RBI Officials Visit Fullerton India To Assess Data Breach Incident Impact
Fullerton said that they had alerted all "relevant stakeholders of the possibility of a cyber incident."
Officials from the Reserve Bank of India have visited the main office of Fullerton India Credit Company Ltd. and are assessing the non-bank finance company’s systems and response to the alleged data breach, two people aware of the development told BQ Prime.
In a mailed response to queries from BQ Prime, Fullerton said that they had alerted all "relevant stakeholders of the possibility of a cyber incident."
Media reports show that, as per sample data made available online, Fullerton India has been impacted by a data breach, with the Lockbit 3.0 ransomware group seeking a Rs 24 crore ransom by April 29 to avoid the release of 600 GB of sensitive customer and company data.

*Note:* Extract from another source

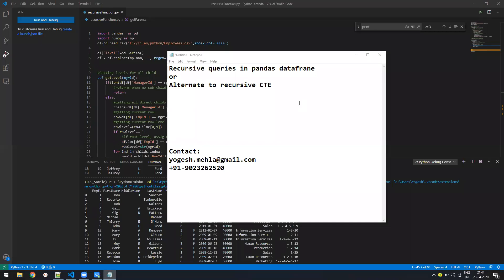Hello everyone, my name is Yogesh. In today's video, we'll learn about recursive queries in Pandas DataFrame or you can say alternative to recursive CTE of SQL Server or any other RDBMS databases.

As per the first source, the data leak allegedly happened over the course of the last month, and Fullerton informed the RBI within the stipulated reporting time of learning about the breach.
The RBI team will be looking at how Fullerton India’s systems were hacked, how long the leak went undetected, and the response once the leak was noticed. This will be factored into the incident report that the RBI will generate and will go into their assessment on whether it merits any supervisory stricture, the second source said.
Even though the leak may have happened earlier, it was around April 24 that Fullerton India customers were unable to access the online systems, which is in sync with the company saying that it went offline once it became aware of the cyber incident.
Their entire response is reproduced here:
"With reference to the three questions posted by you, we would like to categorically assert that the Company immediately chose to operate offline as soon as it was alerted of the possibility of a cyber incident. In line with standard operating processes, Fullerton India informed all relevant stakeholders of the possibility of a cyber incident, even as it worked with its in-house teams and global experts to both confirm the incident and evaluate the threat assessment, if any.
Basis technical feedback from the most credible cybersecurity firms, Fullerton India has commenced resumption of services for its customers and is working with top, global experts to significantly enhance its security environment for future expansion.
The company remains committed to serve customers in Retail, Micro-Small and Medium Enterprises and Affordable Housing and will continue to expand its footprint in semi-urban and rural geographies.
We hope this gives you a full perspective of the said incident."
Fullerton India is part of the Sumitomo Mitsui Financial Group, which holds 74.9% of the company, with Fullerton Financial Holdings owning the remaining 25.1%.
The non-bank lender is active in providing working capital loans for small and medium-sized enterprises, along with loans for commercial vehicles, two-wheelers, home improvement loans, loans against property, personal loans, and some rural lending products.